Wrong gradient in updated stan -- unsure if rstan or stan problem

This came up when testing pre-release rstan 2.26. I flagged it in this issue: https://github.com/stan-dev/rstan/issues/899#issuecomment-774483790 but doesn’t seem to have captured interest. The gradient of the model is wrong but the log prob is fine. Does cmdstanr have any way to check this? The model and data and rstan script to compare the gradient are here:

https://github.com/stan-dev/rstan/files/5936956/gradproblem.zip

edit: on my two windows test systems the gradient is obviously wrong, not simply a little different.

1 Like

Are you able to reduce the model at all?
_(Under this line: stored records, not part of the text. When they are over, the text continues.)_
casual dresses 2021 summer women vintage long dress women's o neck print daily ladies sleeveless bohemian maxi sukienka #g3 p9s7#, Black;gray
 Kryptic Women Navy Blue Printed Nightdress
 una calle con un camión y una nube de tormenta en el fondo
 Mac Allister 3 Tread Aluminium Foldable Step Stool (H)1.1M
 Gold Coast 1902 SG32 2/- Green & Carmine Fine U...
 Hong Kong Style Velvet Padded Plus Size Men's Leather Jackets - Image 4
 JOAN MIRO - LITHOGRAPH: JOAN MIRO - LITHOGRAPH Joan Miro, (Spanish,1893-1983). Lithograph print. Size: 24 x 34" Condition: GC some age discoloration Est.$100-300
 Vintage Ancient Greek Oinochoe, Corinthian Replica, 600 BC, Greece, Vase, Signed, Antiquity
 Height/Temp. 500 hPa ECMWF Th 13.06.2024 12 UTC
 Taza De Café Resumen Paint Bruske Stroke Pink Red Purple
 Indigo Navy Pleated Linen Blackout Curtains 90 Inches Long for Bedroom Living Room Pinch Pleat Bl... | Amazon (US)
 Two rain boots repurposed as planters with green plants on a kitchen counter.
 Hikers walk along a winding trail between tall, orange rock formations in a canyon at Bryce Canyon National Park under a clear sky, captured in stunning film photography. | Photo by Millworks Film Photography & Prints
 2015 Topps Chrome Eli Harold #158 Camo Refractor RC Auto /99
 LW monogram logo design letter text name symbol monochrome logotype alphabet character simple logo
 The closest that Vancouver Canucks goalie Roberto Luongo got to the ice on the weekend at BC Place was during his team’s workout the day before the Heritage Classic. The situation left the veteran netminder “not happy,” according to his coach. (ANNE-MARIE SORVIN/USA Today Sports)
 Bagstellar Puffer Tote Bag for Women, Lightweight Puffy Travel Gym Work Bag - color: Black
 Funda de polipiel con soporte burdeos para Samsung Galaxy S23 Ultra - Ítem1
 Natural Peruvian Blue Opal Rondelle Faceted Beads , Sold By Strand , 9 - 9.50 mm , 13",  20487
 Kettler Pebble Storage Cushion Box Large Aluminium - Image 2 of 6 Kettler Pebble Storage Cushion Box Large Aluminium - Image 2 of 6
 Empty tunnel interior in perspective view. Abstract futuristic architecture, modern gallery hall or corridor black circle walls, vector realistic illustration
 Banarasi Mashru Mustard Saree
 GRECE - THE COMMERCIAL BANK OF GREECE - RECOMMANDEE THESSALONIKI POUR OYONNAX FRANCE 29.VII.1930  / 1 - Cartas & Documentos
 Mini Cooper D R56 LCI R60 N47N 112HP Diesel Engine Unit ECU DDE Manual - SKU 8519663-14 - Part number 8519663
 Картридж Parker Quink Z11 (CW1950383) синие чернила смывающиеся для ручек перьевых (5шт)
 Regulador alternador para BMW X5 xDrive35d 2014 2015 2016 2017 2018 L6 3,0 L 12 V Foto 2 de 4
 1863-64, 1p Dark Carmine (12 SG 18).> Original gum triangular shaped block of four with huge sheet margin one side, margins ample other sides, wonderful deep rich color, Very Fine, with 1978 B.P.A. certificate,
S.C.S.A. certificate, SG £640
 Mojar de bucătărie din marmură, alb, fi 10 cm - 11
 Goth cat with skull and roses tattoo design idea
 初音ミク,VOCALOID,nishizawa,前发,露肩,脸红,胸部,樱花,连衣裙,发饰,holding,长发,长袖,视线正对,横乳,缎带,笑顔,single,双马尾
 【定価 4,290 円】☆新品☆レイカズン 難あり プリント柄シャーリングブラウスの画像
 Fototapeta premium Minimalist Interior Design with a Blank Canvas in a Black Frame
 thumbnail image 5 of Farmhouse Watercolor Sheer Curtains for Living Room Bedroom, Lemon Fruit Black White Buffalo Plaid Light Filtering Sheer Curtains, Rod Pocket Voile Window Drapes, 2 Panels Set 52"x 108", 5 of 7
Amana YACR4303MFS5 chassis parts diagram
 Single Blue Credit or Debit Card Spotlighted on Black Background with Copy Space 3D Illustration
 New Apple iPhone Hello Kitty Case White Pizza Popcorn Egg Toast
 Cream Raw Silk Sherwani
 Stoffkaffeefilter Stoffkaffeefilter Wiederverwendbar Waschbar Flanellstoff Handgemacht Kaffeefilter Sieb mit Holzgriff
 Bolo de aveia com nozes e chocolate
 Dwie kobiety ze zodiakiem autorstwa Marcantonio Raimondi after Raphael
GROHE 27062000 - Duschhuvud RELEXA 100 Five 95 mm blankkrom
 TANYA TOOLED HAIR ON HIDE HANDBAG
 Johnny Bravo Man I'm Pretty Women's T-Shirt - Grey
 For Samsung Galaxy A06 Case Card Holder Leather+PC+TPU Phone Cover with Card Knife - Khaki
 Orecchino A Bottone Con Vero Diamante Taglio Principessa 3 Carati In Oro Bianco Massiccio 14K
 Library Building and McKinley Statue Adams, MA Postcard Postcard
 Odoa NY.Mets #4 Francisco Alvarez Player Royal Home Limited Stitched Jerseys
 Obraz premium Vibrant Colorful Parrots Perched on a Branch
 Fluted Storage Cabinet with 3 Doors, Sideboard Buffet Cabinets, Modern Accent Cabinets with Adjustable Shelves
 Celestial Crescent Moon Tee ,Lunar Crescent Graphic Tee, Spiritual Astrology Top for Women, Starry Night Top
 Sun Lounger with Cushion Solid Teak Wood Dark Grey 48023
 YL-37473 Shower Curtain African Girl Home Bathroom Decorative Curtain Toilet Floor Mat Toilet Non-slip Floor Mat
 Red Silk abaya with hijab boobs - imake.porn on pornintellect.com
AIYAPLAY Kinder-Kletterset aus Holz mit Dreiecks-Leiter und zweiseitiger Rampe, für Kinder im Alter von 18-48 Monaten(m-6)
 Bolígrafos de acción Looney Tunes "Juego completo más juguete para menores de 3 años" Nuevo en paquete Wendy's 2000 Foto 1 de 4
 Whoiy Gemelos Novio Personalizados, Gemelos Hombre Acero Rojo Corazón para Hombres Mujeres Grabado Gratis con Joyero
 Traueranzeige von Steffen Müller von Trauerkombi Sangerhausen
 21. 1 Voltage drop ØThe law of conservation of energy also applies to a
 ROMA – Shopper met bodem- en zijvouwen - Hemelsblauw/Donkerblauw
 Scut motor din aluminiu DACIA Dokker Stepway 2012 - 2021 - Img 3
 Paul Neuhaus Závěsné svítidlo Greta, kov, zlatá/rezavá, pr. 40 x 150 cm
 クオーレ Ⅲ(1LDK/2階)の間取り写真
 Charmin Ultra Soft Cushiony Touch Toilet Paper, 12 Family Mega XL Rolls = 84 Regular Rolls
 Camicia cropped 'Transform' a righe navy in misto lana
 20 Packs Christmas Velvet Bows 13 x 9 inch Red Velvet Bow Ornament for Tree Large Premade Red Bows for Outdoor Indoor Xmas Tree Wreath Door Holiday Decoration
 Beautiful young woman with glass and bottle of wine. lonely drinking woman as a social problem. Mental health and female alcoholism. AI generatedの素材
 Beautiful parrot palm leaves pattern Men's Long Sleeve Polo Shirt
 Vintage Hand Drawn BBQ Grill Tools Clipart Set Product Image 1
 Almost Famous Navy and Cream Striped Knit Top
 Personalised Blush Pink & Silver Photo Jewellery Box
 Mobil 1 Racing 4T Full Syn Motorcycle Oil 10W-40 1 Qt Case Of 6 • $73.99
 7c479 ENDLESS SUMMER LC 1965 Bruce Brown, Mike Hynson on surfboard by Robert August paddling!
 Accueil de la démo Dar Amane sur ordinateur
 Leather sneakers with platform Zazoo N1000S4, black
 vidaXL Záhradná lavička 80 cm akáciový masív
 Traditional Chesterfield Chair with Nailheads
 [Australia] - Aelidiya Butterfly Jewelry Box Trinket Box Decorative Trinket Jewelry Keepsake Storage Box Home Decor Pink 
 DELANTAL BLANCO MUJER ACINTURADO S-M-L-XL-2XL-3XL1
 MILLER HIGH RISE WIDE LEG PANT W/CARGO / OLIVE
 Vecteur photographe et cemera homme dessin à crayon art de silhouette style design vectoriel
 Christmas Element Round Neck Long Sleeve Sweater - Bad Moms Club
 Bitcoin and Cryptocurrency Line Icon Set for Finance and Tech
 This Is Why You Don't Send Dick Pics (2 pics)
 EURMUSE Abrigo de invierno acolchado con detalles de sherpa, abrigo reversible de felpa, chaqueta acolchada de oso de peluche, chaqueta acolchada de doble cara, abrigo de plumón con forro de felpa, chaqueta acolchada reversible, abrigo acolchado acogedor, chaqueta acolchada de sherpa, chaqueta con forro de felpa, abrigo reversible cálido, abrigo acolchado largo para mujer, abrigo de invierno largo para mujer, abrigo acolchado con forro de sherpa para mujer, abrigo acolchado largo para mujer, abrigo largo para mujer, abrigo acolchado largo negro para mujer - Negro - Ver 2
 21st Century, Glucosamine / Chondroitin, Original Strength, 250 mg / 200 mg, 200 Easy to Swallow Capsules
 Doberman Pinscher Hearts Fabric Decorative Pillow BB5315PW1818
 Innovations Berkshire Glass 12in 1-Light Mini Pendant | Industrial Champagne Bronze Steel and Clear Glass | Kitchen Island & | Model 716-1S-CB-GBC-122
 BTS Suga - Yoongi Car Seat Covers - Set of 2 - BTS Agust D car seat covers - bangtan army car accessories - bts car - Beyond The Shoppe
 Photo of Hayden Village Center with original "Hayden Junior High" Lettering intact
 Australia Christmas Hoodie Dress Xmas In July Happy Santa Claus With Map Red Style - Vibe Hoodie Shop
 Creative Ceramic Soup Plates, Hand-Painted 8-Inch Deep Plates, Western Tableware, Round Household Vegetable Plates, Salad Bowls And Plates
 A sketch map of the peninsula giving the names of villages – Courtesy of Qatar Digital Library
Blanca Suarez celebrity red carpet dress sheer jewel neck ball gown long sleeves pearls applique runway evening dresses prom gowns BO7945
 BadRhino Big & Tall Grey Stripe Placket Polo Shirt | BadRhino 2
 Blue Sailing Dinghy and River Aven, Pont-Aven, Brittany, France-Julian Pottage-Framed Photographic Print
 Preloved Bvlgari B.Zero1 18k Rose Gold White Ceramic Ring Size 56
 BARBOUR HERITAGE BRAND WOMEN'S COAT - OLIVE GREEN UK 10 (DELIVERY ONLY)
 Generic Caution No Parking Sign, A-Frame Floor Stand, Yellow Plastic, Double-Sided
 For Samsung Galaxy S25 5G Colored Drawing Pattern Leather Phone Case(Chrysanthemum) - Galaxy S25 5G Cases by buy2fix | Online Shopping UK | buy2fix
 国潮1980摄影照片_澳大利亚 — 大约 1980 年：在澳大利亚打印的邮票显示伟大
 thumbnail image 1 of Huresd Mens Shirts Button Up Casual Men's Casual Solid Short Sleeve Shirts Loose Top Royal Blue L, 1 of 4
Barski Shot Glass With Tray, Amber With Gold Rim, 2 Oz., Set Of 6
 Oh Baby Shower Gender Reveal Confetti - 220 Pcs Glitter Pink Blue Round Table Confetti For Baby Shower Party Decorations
I’ve been able to produce the correct gradients from (simpler) models with the experimental rstan:

library(rstan)
library(numDeriv)

mod = "data{
  real y_mean;
} 
parameters{
  real y;
  matrix[2,2] test_mat;
}
transformed parameters{
  real trans_y = sum(matrix_exp(test_mat));
}
model{ 
  y ~ normal(y_mean,trans_y);
}"

samp = stan(model_code=mod,data=list(y_mean=0))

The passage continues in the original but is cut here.